Letnan Darmawan terpana melihat senyum Lestari, seandainya masih bujangan, dia akan melamar Lestari untuk dirinya sendiri, bukan untuk anggotanya.
“Nah kebetulan ada Nak Lestari, sekalian sini duduk sama Mboknya.” Berkata Pak Legimin kepada Lestari
Lestari pun duduk di samping Mbok Sulasmi di bangku kayu panjang buatan almarhum ayahnya. Berhadapan dengan Kepala Kampung, Danpos dan Arifin.
“Ayo diminum Kang, Pak, Mas” ucap Mbok Sulasmi “Ada apa ya? Ko aku jadi was was Kang?” ucap Mbok Sulasmi kepada Pak Legimin
“Begini Mbok langsung saja ya, Pak Danpos dan Mas Arifin tadi malam datang ke rumahku menyampaikan niat baik. Mas Arifin ada keinginan untuk melamar Nak Lestari. Cuma beda sama kita yang disini, karena orang tua Mas Arifin ini jauh di Palembang, makanya kami, aku selaku Kepala Kampung sama Pak Danpos mewakili orang tuanya Mas Arifin mau mengajukan lamaran ke Mbok. Sekarang bagaimana jawaban dari Mbok?” Pak Legimin menjelaskan maksud kedatangannya kepada Mbok Sulasmi
Lestari sedikit kaget mendengarnya, karena ternyata Arifin serius dengan kata-katanya kemarin.

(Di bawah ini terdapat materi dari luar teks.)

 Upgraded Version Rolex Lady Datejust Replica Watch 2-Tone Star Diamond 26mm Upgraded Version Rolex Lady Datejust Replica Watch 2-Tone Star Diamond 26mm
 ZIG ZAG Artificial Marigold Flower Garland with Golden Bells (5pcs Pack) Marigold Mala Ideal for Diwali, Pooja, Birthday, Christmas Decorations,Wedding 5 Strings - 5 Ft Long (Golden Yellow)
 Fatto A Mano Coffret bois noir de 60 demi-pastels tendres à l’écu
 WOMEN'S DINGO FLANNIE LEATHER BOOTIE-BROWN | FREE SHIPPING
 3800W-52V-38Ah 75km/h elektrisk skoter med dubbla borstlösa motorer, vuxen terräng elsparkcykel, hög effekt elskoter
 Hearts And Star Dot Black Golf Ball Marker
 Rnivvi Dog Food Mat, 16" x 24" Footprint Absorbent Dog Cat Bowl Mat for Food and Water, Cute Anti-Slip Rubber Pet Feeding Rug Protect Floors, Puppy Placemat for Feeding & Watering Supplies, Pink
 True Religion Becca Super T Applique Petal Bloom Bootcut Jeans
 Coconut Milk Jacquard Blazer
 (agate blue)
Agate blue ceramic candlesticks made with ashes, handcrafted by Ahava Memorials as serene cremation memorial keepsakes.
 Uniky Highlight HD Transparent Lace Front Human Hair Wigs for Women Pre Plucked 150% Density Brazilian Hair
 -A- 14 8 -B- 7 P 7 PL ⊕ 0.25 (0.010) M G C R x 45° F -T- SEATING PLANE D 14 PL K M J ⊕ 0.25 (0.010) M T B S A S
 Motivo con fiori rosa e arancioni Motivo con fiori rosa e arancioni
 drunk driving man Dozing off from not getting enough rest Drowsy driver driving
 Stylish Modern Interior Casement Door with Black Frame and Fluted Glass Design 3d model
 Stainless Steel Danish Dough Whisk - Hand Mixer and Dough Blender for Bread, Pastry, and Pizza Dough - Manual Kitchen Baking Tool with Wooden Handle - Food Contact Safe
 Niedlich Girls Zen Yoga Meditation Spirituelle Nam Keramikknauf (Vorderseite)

“Ko mendadak sekali ya Kang. Aku sama Lestari minta waktu buat rundingan dulu sama keluargaku. Namanya menikah kan mesti ada rencana, persiapan. Disini ada Bang Fadil wawaknya Lestari, ada Bang Daswin, ada Kak Rohanah, ada Pakciknya di Takengon, mohon waktunya dulu. Kalau aku sih asal anak anaknya pada mau, ya setuju setuju saja. Begitu ya Kang, Pak Danpos.” Mbok Sulasmi menuturkan “Mohon maklum Pak Danpos, Mas Arifin, kalau disini ya memang harus rundingan dulu.” Mbok Sulasmi menambahkan
“Kami paham Mbok. Mohon dimaafkan juga mendadak. Karena Arifin baru menyampaikan kemarin sore dan katanya sudah bilang ke Lestari.” Kata Letnan Darmawan
“Iya Mbok, kami paham. Untuk selanjutnya kami tunggu kabar dari Mbok, kapan Mbok bisa menerima kami lagi setelah musyawarah sama keluarga.” Ucap Pak Legimin sang Kepala Kampung
“Tapi betulkan Lestarinya mau? Atau Cuma akal-akalan Arifin aja nih?” tanya Letnan Darmawan ke Lestari sambil tertawa
Lestari hanya tersenyum malu-malu. Wajahnya memerah, memegang lengan ibunya.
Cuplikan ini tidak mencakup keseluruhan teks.